What the task requires →
Only one stretch of the material below is wanted: everything from the line containing "Nhn North 27th" down to the line containing "Tbd SW 90 Pl, Dunnellon, FL 34432 - Photo 5", both ends included. Repeat it exactly and skip the pictures.
........
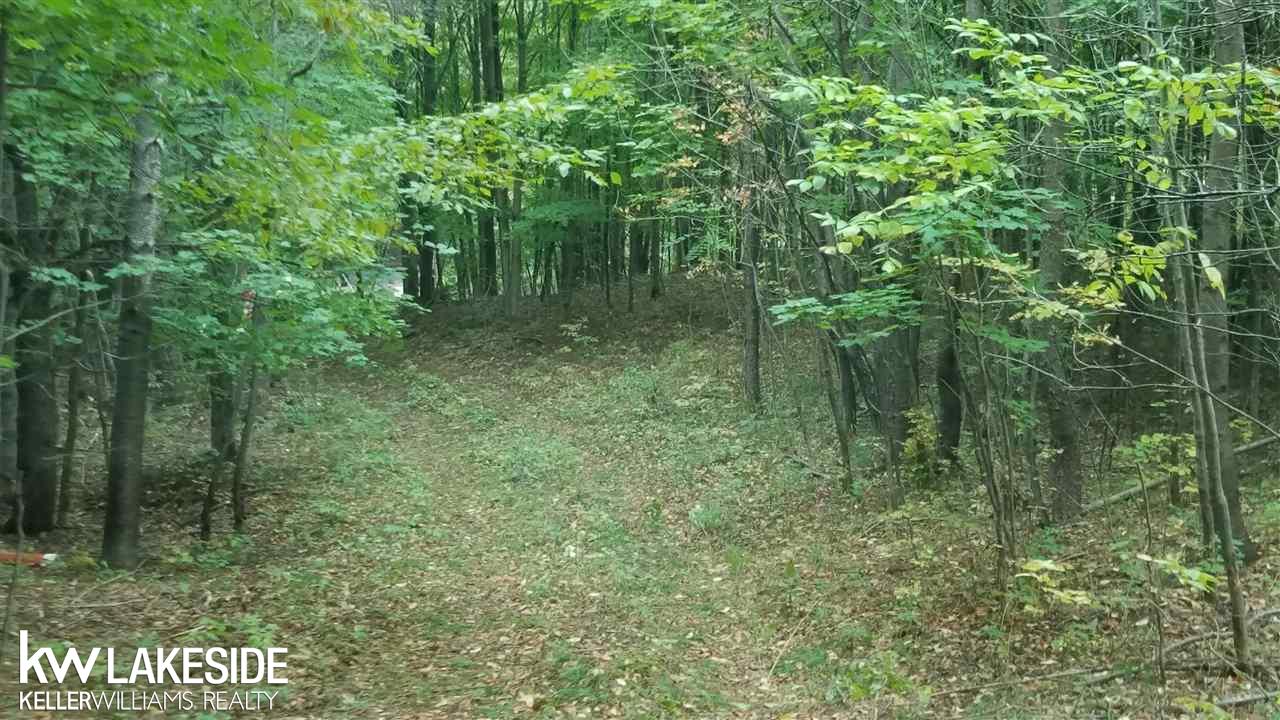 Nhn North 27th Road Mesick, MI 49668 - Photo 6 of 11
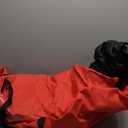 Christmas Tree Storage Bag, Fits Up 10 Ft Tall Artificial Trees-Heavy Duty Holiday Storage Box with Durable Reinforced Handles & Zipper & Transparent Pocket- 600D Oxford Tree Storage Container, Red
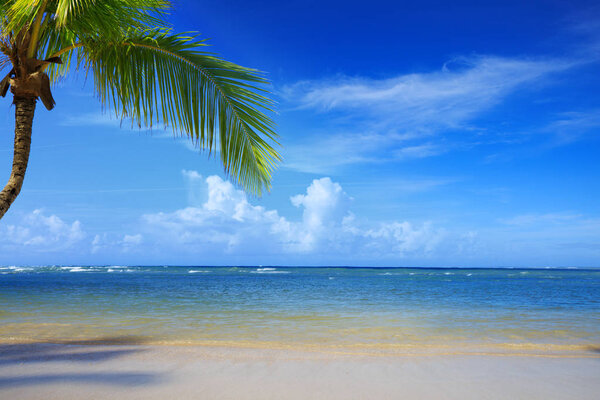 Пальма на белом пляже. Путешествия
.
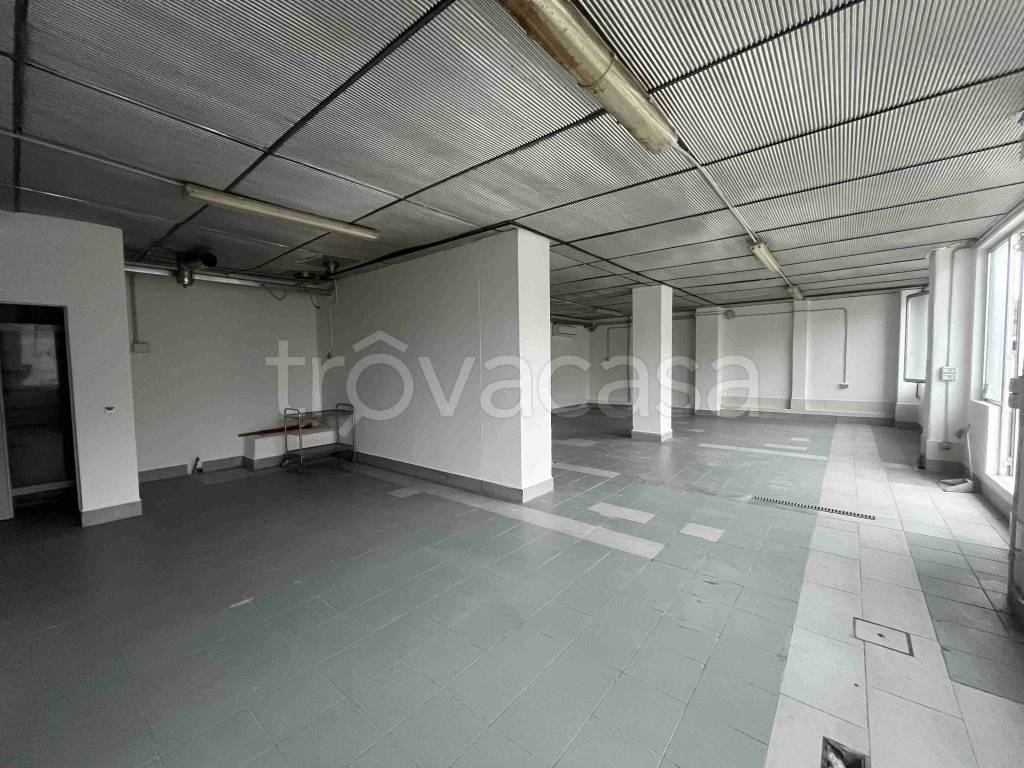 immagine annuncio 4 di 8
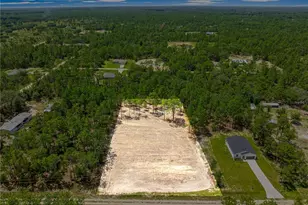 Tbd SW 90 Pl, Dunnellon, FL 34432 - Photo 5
........
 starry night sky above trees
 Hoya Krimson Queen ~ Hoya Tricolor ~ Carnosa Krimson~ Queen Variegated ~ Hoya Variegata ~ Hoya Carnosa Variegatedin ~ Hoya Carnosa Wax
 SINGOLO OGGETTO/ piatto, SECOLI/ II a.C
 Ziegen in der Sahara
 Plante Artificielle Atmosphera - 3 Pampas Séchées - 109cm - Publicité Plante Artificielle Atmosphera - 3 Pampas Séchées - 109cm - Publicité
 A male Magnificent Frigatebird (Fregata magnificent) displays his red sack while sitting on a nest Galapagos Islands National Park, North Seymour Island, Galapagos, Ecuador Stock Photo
........
Answer to the problem →
 Nhn North 27th Road Mesick, MI 49668 - Photo 6 of 11
 Christmas Tree Storage Bag, Fits Up 10 Ft Tall Artificial Trees-Heavy Duty Holiday Storage Box with Durable Reinforced Handles & Zipper & Transparent Pocket- 600D Oxford Tree Storage Container, Red
 Пальма на белом пляже. Путешествия
.
 immagine annuncio 4 di 8
 Tbd SW 90 Pl, Dunnellon, FL 34432 - Photo 5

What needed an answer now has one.